At the Bowery Mission, Imran Prentic, 30, lined up recently for clothing and a shower. He’s been homeless for nearly four years and usually camps in parks, subway stations and under bridges. He’s exactly the kind of person the city will be targeting, which he said is a good thing. “We need as much help as we can get, it’s cold. We need more people not to give up but try to help themselves,” he said.
He’s hoping to secure a spot at the Bowery Mission, where Jorge Colon, 35, is already in a program. The mission provides a place to sleep and life-skills training. Colon had lost his job, was addicted to drugs, and living in an abandoned building in Camden, N.J., when he decided to come to New York to get clean. He’s been homeless for six months and has stayed in four city shelters. “They all had drugs, and a lot of fights, they wasn’t that good,” he said.
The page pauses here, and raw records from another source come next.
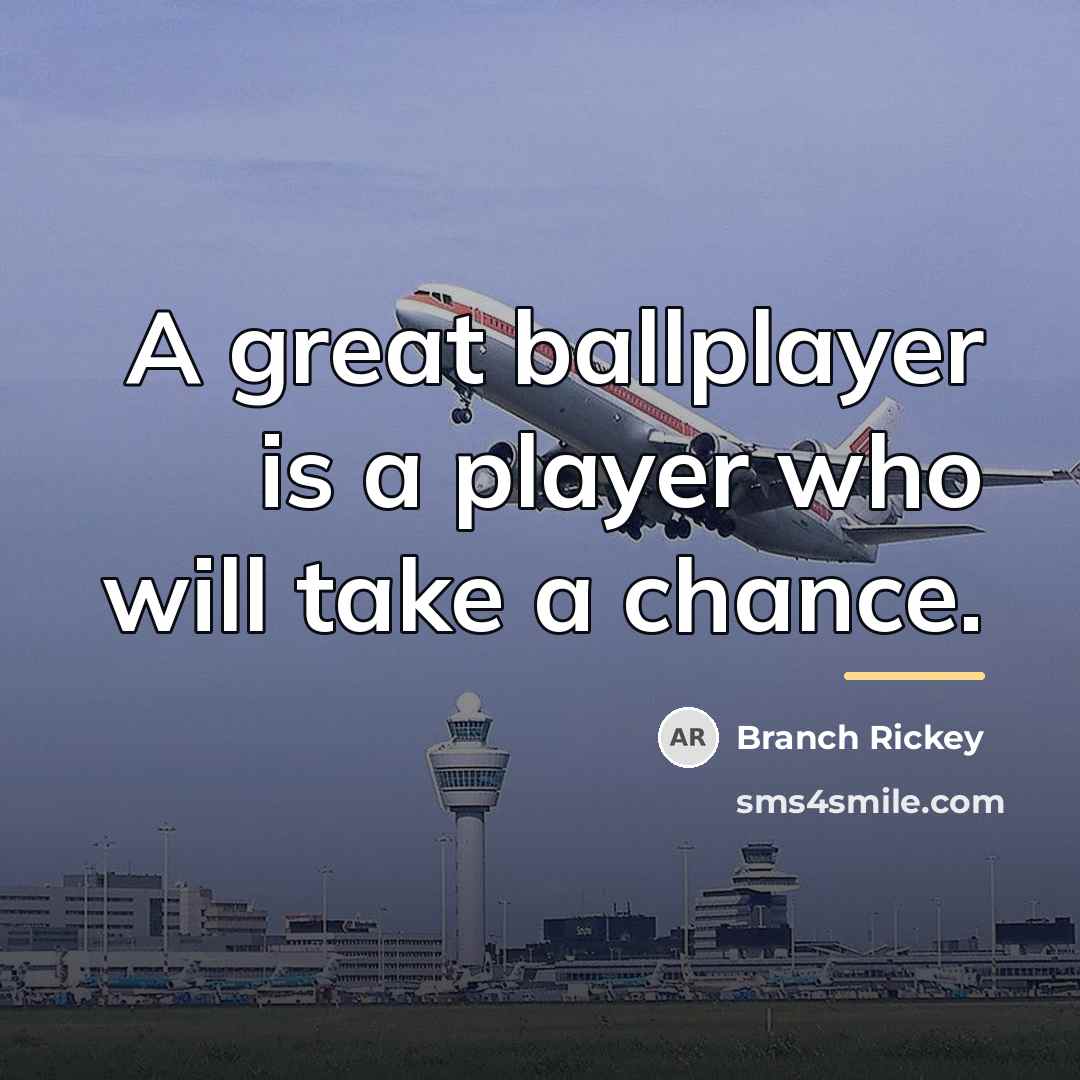 “A great ballplayer is a player who will take a…” quote by Branch Rickey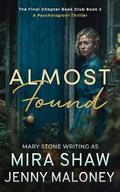 Almost Found: A Psychological Thriller Romance (The Final Chapter Book Club #3) by Mira Shaw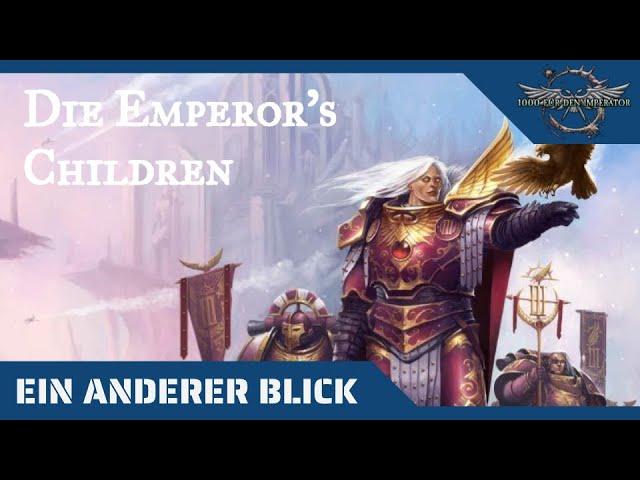 "Ein anderer Blick auf" -  die Emperor´s Children (40k Hintergründe auf dem Prüfstand)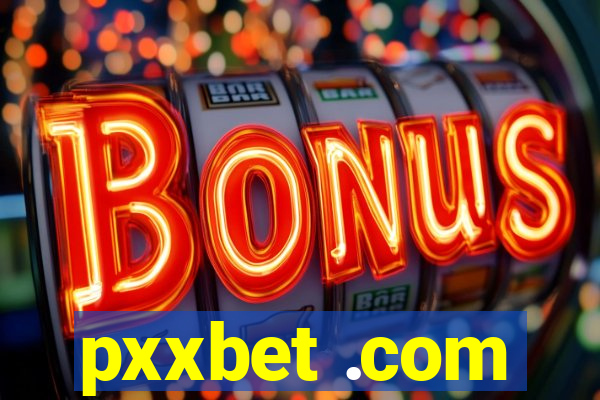 pxxbet .com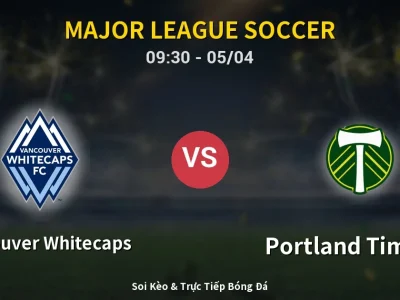 Kết Quả: Vancouver Whitecaps 3-2 Portland Timbers – Highlight & Bàn Thắng | Major League Soccer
He’s wary of a city program that would place people in one of these shelters. He’s also concerned about Police Commissioner Bill Bratton’s comments that he’ll seek to make it easier to ticket the homeless for minor crimes, like panhandling near an ATM machine.
“It’s just going to destroy them. They already on the edge,” he said. “Now you want to push them over the edge, give them tickets they cannot pay. Just wasted paper, really.”
The mayor is also proposing to create a special unit within the NYPD that’s specially-trained to deal with the mental health issues of the homeless. But the centerpiece of his campaign will be a daily survey of homeless hotspots on the streets to provide real-time information, which the city can use to send resources.
James Winans, the chief development officers at the Bowery Mission, said when his shelter has conducted similar outreach they were able to get one in 10 people off the streets. “We consider that a success,” he said. “This is a very difficult population to engage with to work with, so the city has it’s work cut out for it as does the Bowery Mission.”
The mayor has also vowed to get rid of homeless encampments. One encampment is in Washington Square Park, where a 30-year old Bostonian who calls himself Joe Grimy has been camping for weeks. The NYPD recently kicked him and half a dozen guys out of the park at night. “They should give us an area that’s far enough away from the areas that bothers them for us to be a,t and that we should be allowed to have a tent city where they don’t bother us,” he said.
He said he’ll continue camping in the city wherever he can find a spot.
“They obviously don’t want us here, which means that a whole bunch of people that don’t want to see there’s a homeless problem in New York City are seeing it. That’s a good thing, it means they have to step up their game.”
With nearly 58,000 homeless people in the city and 3,000-4,000 street homeless, the mayor said reducing these numbers is his administration’s top priority.